EXERCISE BRIEF:
Below is a listing. Quote from it, exactly, the lines from the one containing "A Japan Air" down to the one containing "Naklejka na ściany", both ends included, and nothing else.

DATA:
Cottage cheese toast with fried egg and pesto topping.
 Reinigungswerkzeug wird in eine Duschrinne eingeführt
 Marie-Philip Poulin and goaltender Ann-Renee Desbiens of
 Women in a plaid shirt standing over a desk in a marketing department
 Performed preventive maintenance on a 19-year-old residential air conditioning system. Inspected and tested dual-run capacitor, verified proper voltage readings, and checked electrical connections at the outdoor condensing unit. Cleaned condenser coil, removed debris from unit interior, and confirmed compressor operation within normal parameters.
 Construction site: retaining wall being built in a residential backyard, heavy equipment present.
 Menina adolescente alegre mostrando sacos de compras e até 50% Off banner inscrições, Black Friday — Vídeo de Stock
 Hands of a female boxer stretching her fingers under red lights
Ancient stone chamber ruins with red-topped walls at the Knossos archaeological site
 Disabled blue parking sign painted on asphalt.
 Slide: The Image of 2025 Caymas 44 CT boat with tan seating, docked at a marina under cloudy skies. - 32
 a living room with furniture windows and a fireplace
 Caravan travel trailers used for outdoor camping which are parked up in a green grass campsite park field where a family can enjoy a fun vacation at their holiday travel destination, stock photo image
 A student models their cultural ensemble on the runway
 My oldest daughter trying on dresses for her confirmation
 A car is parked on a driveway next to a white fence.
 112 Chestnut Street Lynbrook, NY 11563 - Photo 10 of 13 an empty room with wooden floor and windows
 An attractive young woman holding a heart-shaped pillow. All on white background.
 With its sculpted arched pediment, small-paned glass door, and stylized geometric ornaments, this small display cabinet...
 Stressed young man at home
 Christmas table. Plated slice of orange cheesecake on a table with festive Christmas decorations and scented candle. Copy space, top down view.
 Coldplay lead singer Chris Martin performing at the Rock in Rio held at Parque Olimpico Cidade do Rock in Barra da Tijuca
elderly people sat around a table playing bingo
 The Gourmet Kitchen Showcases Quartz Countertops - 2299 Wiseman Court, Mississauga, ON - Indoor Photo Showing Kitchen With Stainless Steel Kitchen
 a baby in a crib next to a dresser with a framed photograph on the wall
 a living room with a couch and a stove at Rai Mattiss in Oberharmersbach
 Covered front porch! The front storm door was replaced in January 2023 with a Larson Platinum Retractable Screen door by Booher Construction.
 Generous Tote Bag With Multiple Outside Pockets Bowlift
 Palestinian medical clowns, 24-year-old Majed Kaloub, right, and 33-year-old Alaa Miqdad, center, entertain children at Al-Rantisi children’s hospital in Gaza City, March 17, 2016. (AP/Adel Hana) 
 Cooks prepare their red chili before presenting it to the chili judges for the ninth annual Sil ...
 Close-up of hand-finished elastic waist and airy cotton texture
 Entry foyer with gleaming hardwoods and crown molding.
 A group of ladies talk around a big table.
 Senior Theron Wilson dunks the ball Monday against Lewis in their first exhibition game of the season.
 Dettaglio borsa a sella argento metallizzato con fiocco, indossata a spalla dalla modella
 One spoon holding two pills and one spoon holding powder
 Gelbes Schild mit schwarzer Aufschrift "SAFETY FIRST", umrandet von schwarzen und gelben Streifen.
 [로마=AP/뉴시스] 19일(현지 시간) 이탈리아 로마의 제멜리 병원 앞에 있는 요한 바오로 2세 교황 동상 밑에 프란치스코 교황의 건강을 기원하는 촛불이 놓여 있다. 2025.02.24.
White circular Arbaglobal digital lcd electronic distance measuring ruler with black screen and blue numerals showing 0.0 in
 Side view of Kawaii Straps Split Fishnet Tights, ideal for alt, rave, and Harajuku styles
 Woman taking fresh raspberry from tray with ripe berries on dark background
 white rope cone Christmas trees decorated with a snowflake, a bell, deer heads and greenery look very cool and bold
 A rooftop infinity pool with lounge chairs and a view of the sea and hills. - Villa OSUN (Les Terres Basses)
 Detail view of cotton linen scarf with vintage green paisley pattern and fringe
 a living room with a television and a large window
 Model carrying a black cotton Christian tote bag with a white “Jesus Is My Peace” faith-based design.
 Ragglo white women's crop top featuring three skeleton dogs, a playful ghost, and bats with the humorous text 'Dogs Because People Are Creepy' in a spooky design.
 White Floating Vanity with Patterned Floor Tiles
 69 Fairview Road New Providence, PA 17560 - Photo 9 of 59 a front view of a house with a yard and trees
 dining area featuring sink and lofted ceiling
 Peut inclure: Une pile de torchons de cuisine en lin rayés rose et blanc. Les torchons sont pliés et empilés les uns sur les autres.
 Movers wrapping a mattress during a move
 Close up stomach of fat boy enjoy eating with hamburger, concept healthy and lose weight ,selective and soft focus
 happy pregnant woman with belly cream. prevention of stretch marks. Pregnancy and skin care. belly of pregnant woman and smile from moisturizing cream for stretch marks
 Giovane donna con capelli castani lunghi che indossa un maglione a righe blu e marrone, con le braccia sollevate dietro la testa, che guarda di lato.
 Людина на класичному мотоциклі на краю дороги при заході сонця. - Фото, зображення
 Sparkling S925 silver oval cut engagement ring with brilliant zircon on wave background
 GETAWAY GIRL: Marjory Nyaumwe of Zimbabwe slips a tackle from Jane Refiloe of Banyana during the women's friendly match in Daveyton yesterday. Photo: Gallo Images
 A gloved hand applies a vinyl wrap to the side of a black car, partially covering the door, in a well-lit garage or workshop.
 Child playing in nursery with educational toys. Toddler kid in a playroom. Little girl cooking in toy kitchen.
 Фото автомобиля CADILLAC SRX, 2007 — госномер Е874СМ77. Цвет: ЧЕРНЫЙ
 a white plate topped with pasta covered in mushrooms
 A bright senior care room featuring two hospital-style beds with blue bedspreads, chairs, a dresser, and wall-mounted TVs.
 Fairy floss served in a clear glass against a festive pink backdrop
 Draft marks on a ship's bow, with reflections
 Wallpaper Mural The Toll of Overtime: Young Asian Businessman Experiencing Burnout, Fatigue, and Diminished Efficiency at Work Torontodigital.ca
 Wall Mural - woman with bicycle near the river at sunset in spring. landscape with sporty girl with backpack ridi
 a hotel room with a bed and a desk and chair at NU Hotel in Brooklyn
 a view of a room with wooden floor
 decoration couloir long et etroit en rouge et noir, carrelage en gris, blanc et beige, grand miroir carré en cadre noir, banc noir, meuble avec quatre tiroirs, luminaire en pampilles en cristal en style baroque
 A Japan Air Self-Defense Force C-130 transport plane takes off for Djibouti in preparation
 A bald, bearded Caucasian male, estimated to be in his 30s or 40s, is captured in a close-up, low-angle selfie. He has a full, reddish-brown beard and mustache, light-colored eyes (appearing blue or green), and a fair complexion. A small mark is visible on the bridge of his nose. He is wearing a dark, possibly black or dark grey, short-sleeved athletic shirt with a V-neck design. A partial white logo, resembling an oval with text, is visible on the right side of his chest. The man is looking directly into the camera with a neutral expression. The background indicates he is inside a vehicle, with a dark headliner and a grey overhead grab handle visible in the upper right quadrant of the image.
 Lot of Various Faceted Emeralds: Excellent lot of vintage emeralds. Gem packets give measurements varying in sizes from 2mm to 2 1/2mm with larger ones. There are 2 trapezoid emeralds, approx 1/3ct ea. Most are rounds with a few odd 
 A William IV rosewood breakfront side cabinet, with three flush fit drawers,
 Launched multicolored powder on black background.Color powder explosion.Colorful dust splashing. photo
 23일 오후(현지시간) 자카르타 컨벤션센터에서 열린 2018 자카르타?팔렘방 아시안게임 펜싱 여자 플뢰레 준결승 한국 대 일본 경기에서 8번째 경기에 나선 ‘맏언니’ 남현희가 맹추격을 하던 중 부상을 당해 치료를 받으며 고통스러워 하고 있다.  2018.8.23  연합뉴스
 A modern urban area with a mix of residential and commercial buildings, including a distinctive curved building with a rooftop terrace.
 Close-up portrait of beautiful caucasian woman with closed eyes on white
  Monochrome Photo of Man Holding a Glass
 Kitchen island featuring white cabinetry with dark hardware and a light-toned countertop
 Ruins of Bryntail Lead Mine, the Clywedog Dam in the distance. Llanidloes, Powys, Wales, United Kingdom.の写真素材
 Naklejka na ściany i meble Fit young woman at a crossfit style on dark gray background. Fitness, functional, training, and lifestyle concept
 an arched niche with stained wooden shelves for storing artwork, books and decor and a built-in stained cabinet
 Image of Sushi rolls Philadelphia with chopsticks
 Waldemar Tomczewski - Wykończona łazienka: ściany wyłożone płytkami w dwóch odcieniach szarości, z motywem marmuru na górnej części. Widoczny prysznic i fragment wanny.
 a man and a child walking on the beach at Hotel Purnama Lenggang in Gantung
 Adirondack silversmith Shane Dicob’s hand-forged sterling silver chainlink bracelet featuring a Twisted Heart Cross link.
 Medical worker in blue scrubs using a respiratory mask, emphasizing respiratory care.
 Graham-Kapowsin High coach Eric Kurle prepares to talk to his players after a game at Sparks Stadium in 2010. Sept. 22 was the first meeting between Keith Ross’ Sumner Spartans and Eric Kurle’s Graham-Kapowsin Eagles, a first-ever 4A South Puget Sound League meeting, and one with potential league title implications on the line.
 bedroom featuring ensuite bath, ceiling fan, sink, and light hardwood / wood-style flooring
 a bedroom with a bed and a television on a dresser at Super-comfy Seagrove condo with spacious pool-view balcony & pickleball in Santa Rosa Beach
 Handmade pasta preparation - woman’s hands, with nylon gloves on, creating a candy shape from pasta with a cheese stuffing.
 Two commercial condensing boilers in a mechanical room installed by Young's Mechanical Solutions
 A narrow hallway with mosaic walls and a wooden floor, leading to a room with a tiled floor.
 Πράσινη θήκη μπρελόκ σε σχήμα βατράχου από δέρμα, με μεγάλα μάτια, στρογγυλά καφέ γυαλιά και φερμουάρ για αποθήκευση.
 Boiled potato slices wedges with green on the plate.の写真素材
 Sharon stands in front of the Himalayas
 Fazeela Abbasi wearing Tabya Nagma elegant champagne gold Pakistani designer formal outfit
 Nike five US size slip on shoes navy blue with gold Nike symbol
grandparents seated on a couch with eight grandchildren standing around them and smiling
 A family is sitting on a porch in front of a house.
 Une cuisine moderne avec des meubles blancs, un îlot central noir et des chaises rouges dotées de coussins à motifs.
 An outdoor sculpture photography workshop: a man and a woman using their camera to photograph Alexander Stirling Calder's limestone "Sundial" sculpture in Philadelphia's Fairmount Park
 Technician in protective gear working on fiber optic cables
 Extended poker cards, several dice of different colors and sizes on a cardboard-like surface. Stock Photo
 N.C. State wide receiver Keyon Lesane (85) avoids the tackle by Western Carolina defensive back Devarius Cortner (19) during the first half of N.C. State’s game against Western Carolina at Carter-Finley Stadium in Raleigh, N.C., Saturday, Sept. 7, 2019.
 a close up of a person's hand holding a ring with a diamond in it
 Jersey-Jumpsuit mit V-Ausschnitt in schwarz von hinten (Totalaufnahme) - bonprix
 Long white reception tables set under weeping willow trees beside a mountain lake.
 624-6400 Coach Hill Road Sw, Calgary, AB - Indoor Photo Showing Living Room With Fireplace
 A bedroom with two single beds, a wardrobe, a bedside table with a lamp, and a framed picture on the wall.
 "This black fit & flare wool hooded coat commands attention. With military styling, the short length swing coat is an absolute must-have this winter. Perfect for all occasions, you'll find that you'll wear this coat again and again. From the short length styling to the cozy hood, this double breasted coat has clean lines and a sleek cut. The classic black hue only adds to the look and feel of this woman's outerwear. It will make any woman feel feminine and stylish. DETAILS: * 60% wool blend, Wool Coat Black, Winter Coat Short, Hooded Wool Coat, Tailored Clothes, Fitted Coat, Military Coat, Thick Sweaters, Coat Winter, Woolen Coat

YOUR RESPONSE:
 A Japan Air Self-Defense Force C-130 transport plane takes off for Djibouti in preparation
 A bald, bearded Caucasian male, estimated to be in his 30s or 40s, is captured in a close-up, low-angle selfie. He has a full, reddish-brown beard and mustache, light-colored eyes (appearing blue or green), and a fair complexion. A small mark is visible on the bridge of his nose. He is wearing a dark, possibly black or dark grey, short-sleeved athletic shirt with a V-neck design. A partial white logo, resembling an oval with text, is visible on the right side of his chest. The man is looking directly into the camera with a neutral expression. The background indicates he is inside a vehicle, with a dark headliner and a grey overhead grab handle visible in the upper right quadrant of the image.
 Lot of Various Faceted Emeralds: Excellent lot of vintage emeralds. Gem packets give measurements varying in sizes from 2mm to 2 1/2mm with larger ones. There are 2 trapezoid emeralds, approx 1/3ct ea. Most are rounds with a few odd 
 A William IV rosewood breakfront side cabinet, with three flush fit drawers,
 Launched multicolored powder on black background.Color powder explosion.Colorful dust splashing. photo
 23일 오후(현지시간) 자카르타 컨벤션센터에서 열린 2018 자카르타?팔렘방 아시안게임 펜싱 여자 플뢰레 준결승 한국 대 일본 경기에서 8번째 경기에 나선 ‘맏언니’ 남현희가 맹추격을 하던 중 부상을 당해 치료를 받으며 고통스러워 하고 있다.  2018.8.23  연합뉴스
 A modern urban area with a mix of residential and commercial buildings, including a distinctive curved building with a rooftop terrace.
 Close-up portrait of beautiful caucasian woman with closed eyes on white
  Monochrome Photo of Man Holding a Glass
 Kitchen island featuring white cabinetry with dark hardware and a light-toned countertop
 Ruins of Bryntail Lead Mine, the Clywedog Dam in the distance. Llanidloes, Powys, Wales, United Kingdom.の写真素材
 Naklejka na ściany i meble Fit young woman at a crossfit style on dark gray background. Fitness, functional, training, and lifestyle concept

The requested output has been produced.